Task prompt:
The lines below, from the one containing "Boy with Blond" through the one containing "Covered patio overlooks fenced backyard.", should be set down exactly, with no pictures and nothing else.

Records supplied:
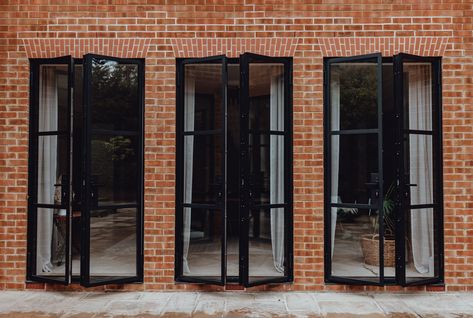 Black Steel Doors, French Country Patio, External French Doors, Black Stainless Steel Kitchen, Steel French Doors, Bluestone Patio, Exterior Inspiration, Kitchen Doors, Patio Stones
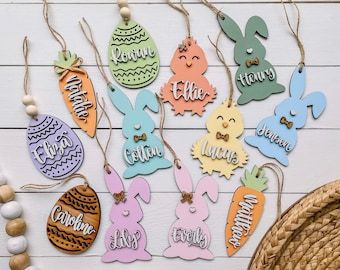 an assortment of wooden easter decorations on a table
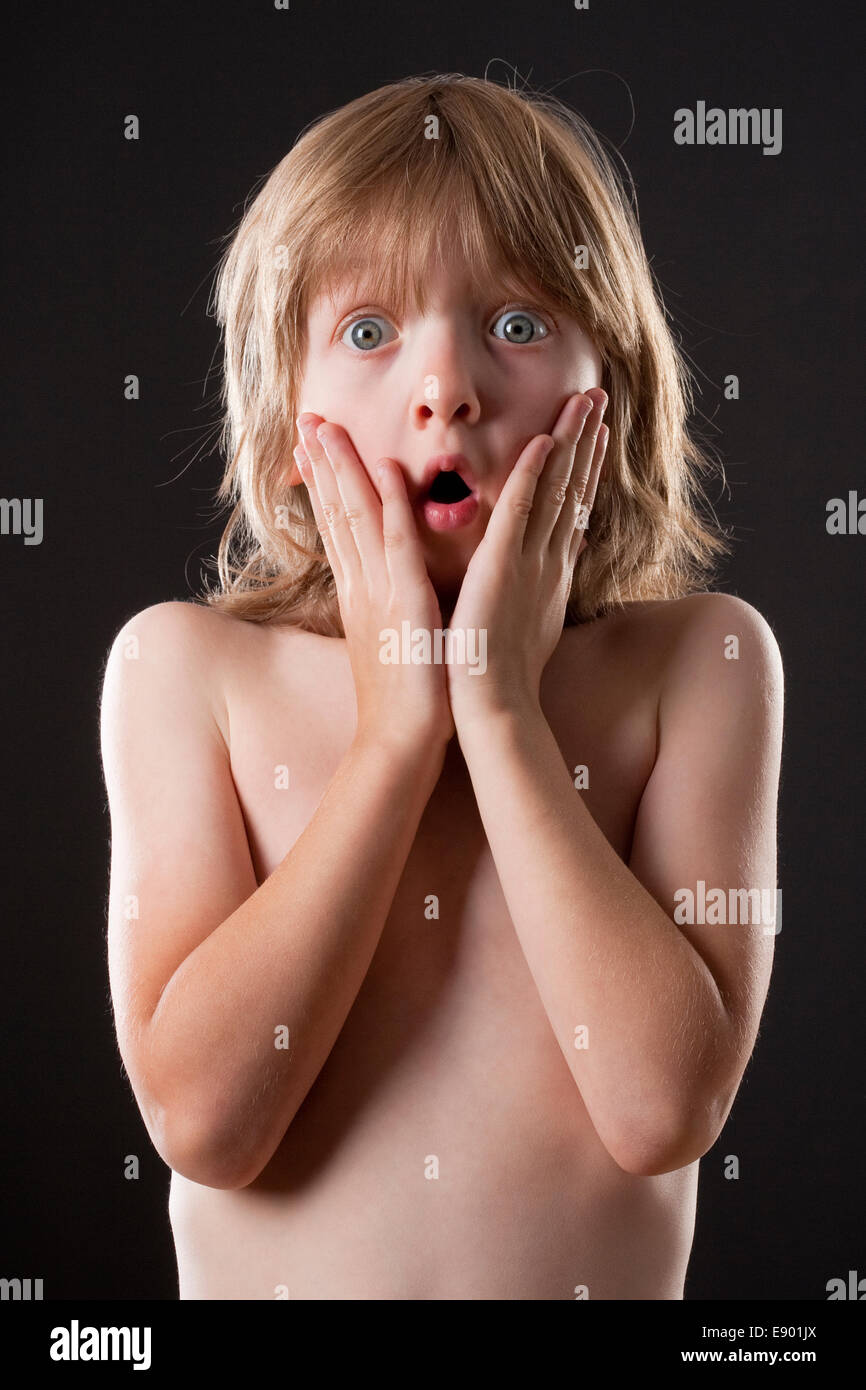 Boy with Blond Hair Surprised, Hands on his Cheeks Stock Photo
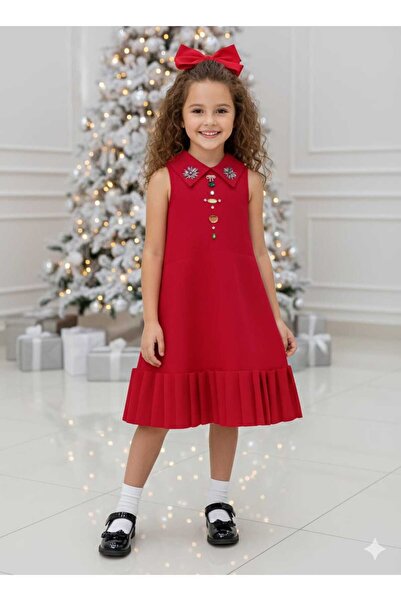 gmax A girl's dress decorated with colorful stones and embellishments, and with a ruffled hem.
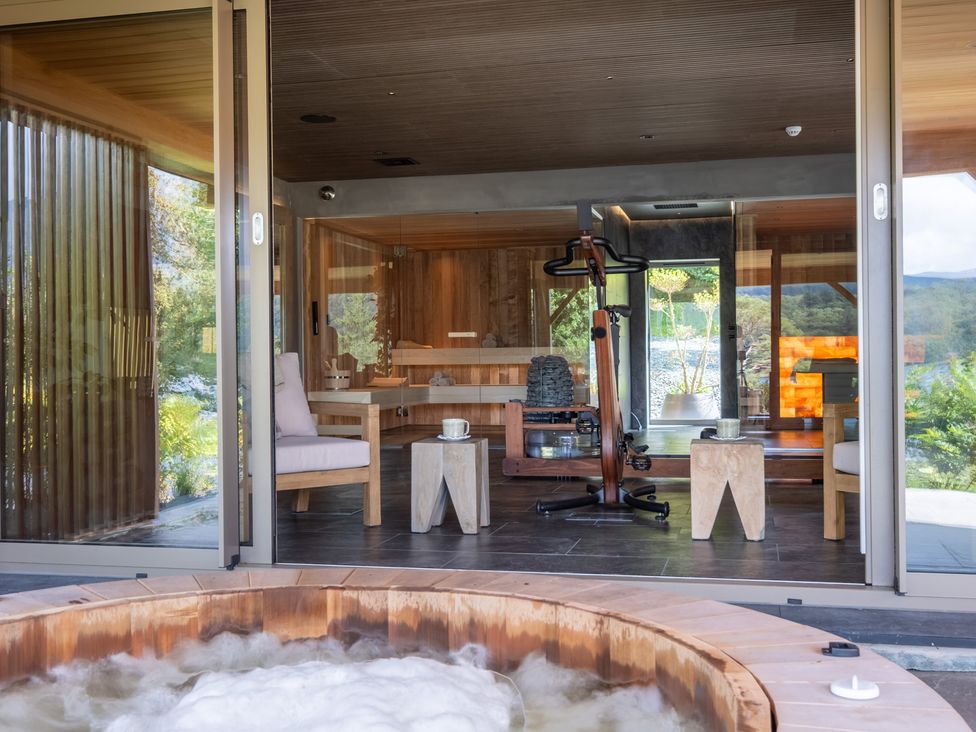 A hot tub with light bubbles and wooden furniture at Deer Close in Coniston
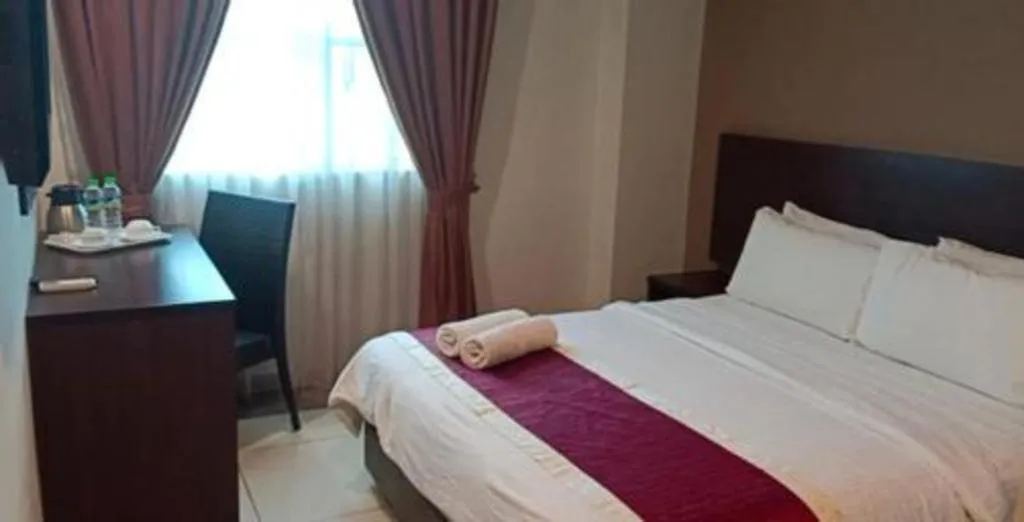 Bed in PPT Muar Hotel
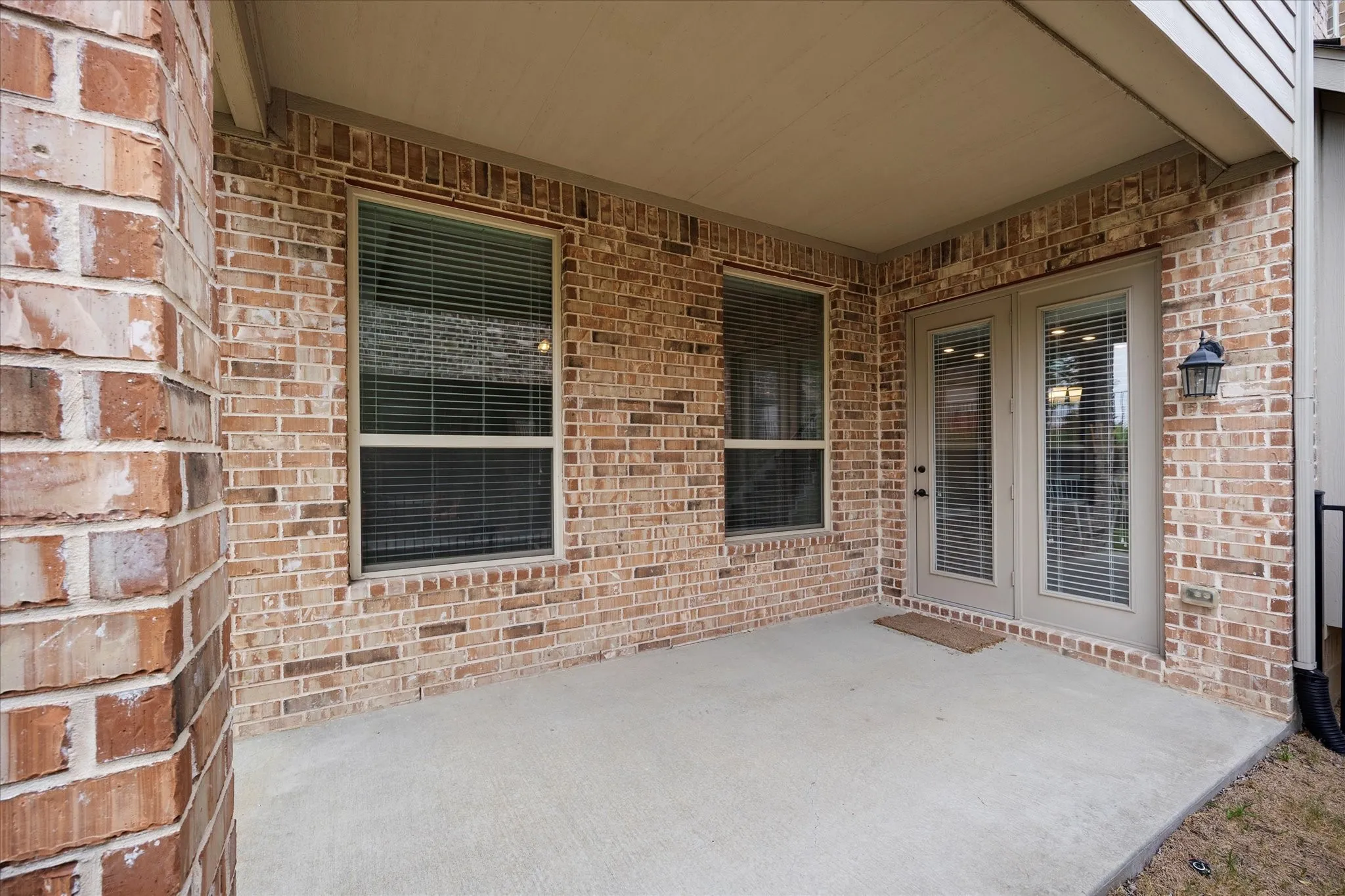 Covered patio overlooks fenced backyard.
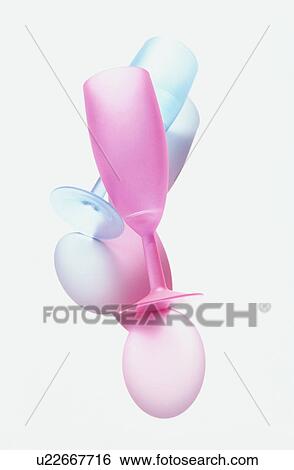 Blue and pink champagne flutes on white background View Large Photo Image Stock Photograph - Blue and pink champagne flutes on white background. Fotosearch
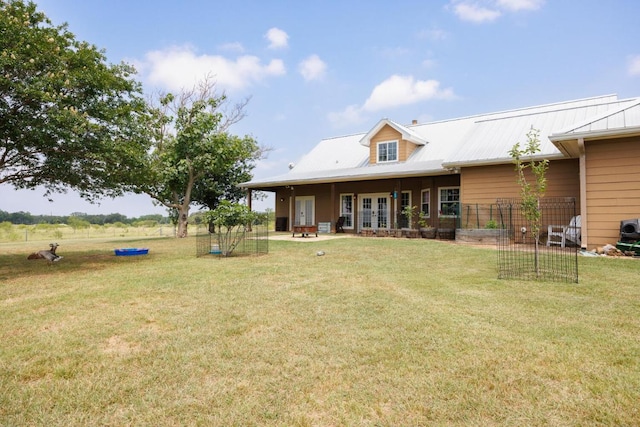 192 Indian Oaks Pass, Blanco, TX 78606 - rear view of property with french doors, a lawn, and a metal roof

Exercise response:
 Boy with Blond Hair Surprised, Hands on his Cheeks Stock Photo
 gmax A girl's dress decorated with colorful stones and embellishments, and with a ruffled hem.
 A hot tub with light bubbles and wooden furniture at Deer Close in Coniston
 Bed in PPT Muar Hotel
 Covered patio overlooks fenced backyard.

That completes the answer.